Prevent Duplicate Documents
You can configure the IDOL Content component to implement deduplication when indexing documents. This process prevents storage of the same document or document content. If Content determines that the document to index matches an existing document, it replaces the existing document with the new document.
The IDOL Content component uses deduplication options to determine whether documents match. See Deduplication Options—KillDuplicates.
You can enable deduplication in one of three ways:
-
Enable deduplication for all indexing jobs by using the KillDuplicates configuration parameter in the
[Server]
section of the IDOL Content component configuration file. See Enable Deduplication for all Index Jobs.You can use the KillDuplicatesChecksumField configuration parameter with deduplication to prevent the IDOL Content component from unnecessarily updating existing documents. See Use KillDuplicatesChecksumField to Prevent Unnecessary Indexing.
You can also use the KillDuplicatesPreserveFields configuration parameter with deduplication to copy the specified IDX fields from an existing document to a newer version.
-
Enable deduplication for individual indexing jobs by using the KillDuplicates action parameter in the DREADD and DREADDDATA actions.
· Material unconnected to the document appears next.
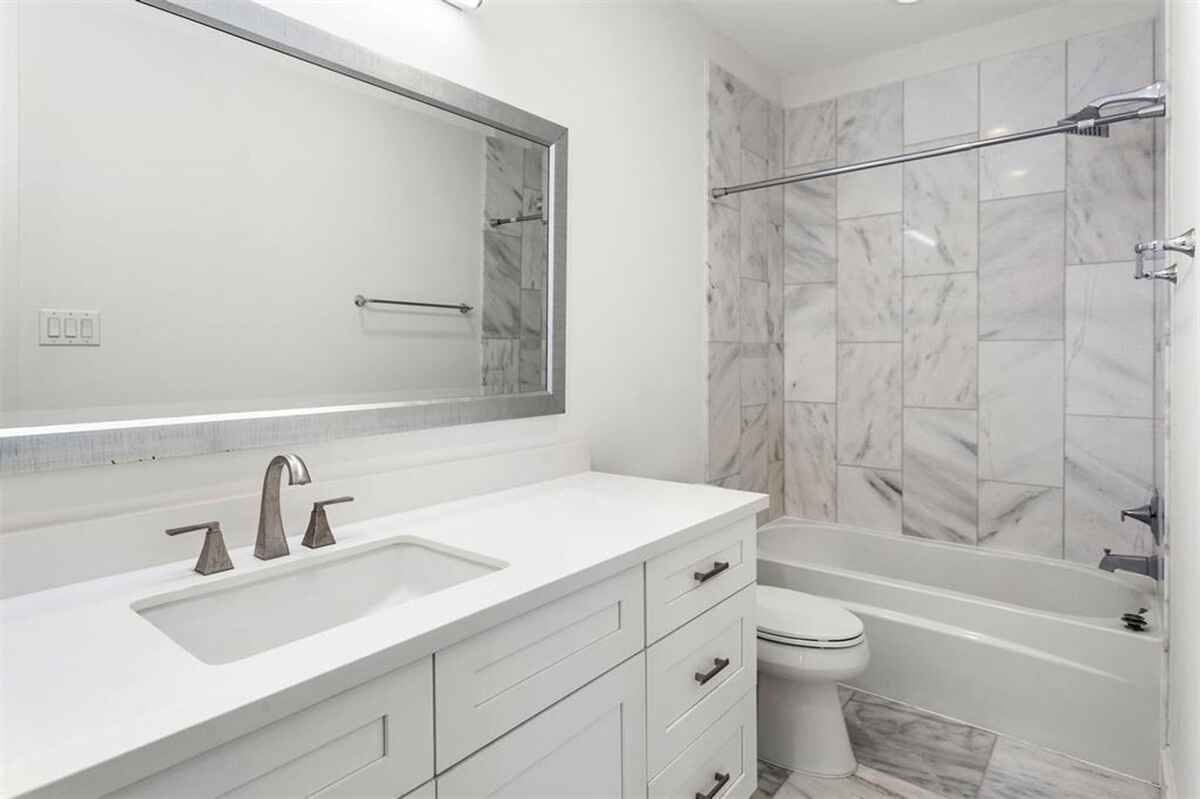 Bathroom features a white vanity with a rectangular sink, a large mirror with a metallic frame, and a bathtub with marble tile surround.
See Enable Deduplication for Individual Index Jobs.
Use the KeepExisting action parameter with deduplication to discard the incoming document instead of replacing the existing document, This option reduces the indexing load. See Use KeepExisting to Minimize the Index Load.
-
Enable deduplication when indexing with Connector Framework Server (CFS) by setting the
KillDuplicates
configuration parameter for the connector. See Enable Deduplication for Connector Index Jobs.
Some other IDOL Content component parameters affect the behavior of the deduplication settings. See Deduplication Constraints.
You can deduplicate after indexing by using the DREDUPLICATE index action. See Locate Duplicate Documents.